L'évangéliaire dit de Saint Mihiel, rédigé au milieu du XIe siècle à la demande d'une aristocrate, Irmengarde de Nellenbourg, avait été classé "trésor national" par l'Etat en 2020, pour empêcher que l'Institut Catholique de Lille, jusque là propriétaire, ne le vende, au risque que ce patrimoine inestimable soit perdu.
Faute d'acquéreur en France, et faute de la moindre initiative volontariste du Ministère de la Culture, ce trésor exceptionnel a finalement été vendu par l'Institut Catholique de Lille aux Etats-Unis (au Paul Getty Museum, très bon musée qui, lui, connaît la valeur de ce chef-d'oeuvre).
Ce manuscrit, appelé aussi « Irmengard Codex », contient 254 folios reliés; il est décoré de 15 miniatures en pleine page. Parmi elles, cette représentation visuelle (voir ci-dessus) de la Pentecôte.
Qu'on ne s'y trompe pas: la vente (qui se voulait discrète) de ce trésor national n'est pas juste une perte pour les catholiques, et encore moins pour les nostalgiques et autres identitaires, toujours prompts à récupérer l'actualité au profit de leurs revendications passéistes. Via la vente de ce "trésor national", c'est un pan d'histoire commune qui quitte le territoire français.
Après le scandale de l'affaire Christian Nègre et bien d'autres, c'est peut-être l'occasion de s'interroger une nouvelle fois sur la pertinence du maintien, de plus incongru, d'un Ministère de la Culture en France (un des rares pays à s'être doté d'une telle superstructure).

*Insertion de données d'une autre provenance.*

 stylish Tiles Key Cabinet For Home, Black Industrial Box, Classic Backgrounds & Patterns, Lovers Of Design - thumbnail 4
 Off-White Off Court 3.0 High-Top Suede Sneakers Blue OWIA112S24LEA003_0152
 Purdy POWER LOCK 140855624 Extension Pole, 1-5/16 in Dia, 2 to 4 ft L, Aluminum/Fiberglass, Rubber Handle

N'est-il pas temps, en France, après la séparation des religions et de l'Etat, de procéder à une séparation de la culture et de l'Etat?

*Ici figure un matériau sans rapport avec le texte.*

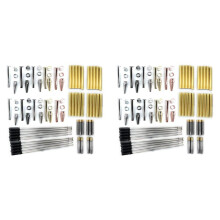 Slimline Wooden Twister Pen Set 20 Pcs, Various Finishes 7mm Twister Pen Set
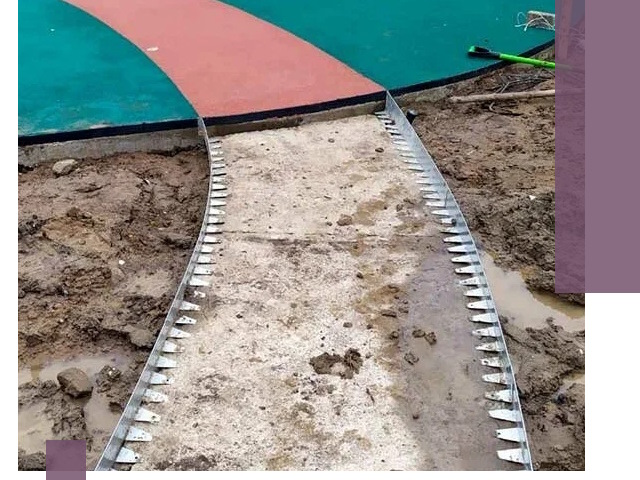 Металлические бордюры для дорожек в Юрге — монтаж и изготовление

Depuis 1959, ce débat existe. Il a été l'objet, en 2020, d'une petit chapitre d'un livre impertinent, signé Julien Damon.

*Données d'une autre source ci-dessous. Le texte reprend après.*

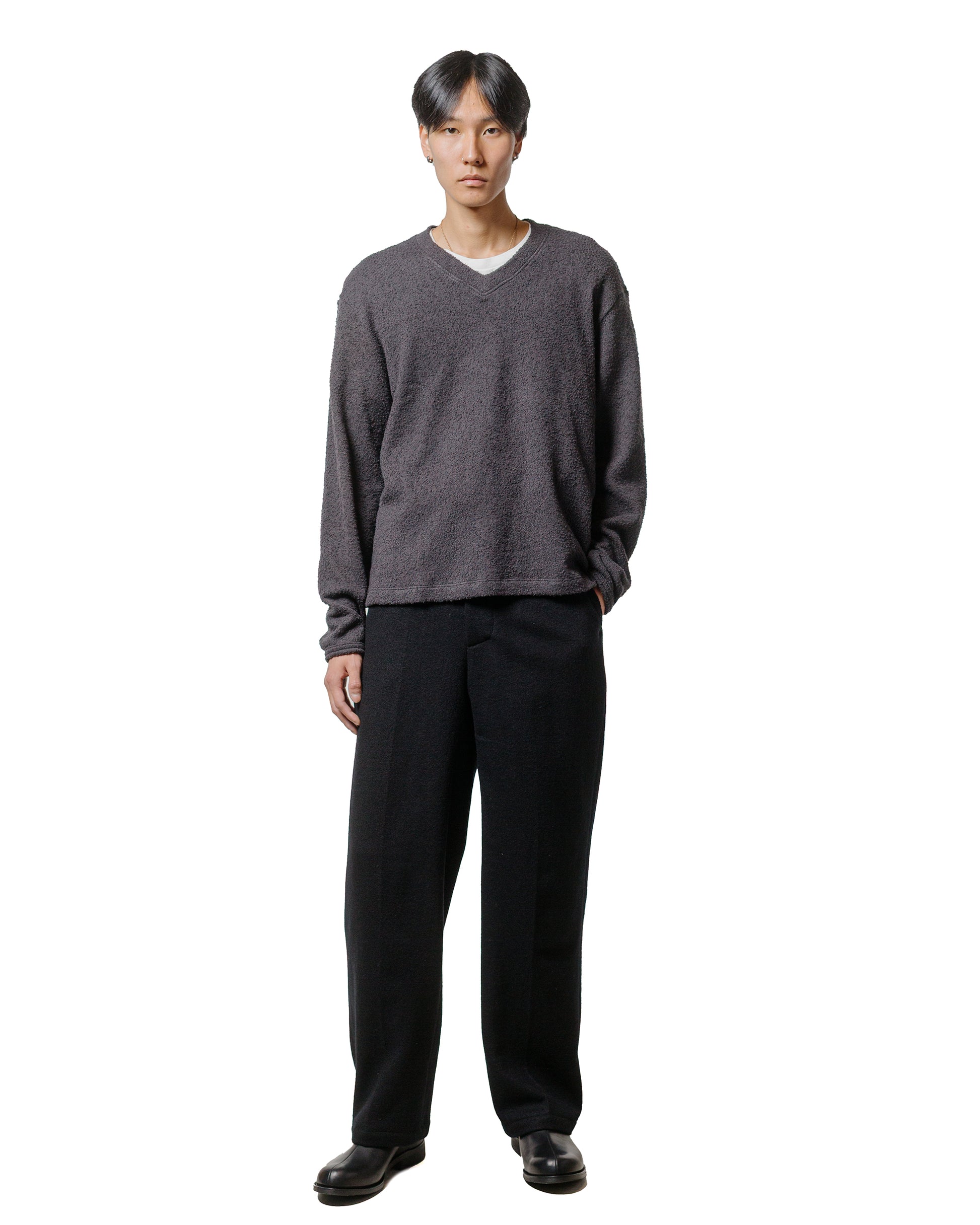 Lady White Co. Teddy High V-Neck Shadow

La légitimité de ce Ministère-anomalie, fierté pour les uns, boulet pour les autres, aurait pu en particulier tenir dans la défense intelligente d'un patrimoine culturel à mettre à disposition des citoyennes, des citoyens, des spécialistes d'Histoire. Mais il n'y pas besoin d'un Ministère dédié pour cela, surtout si ce dernier ferme les yeux, sans bouger, sur la vente à la découpe de trésors nationaux censés être protégés, sur le territoire, pour les générations futures.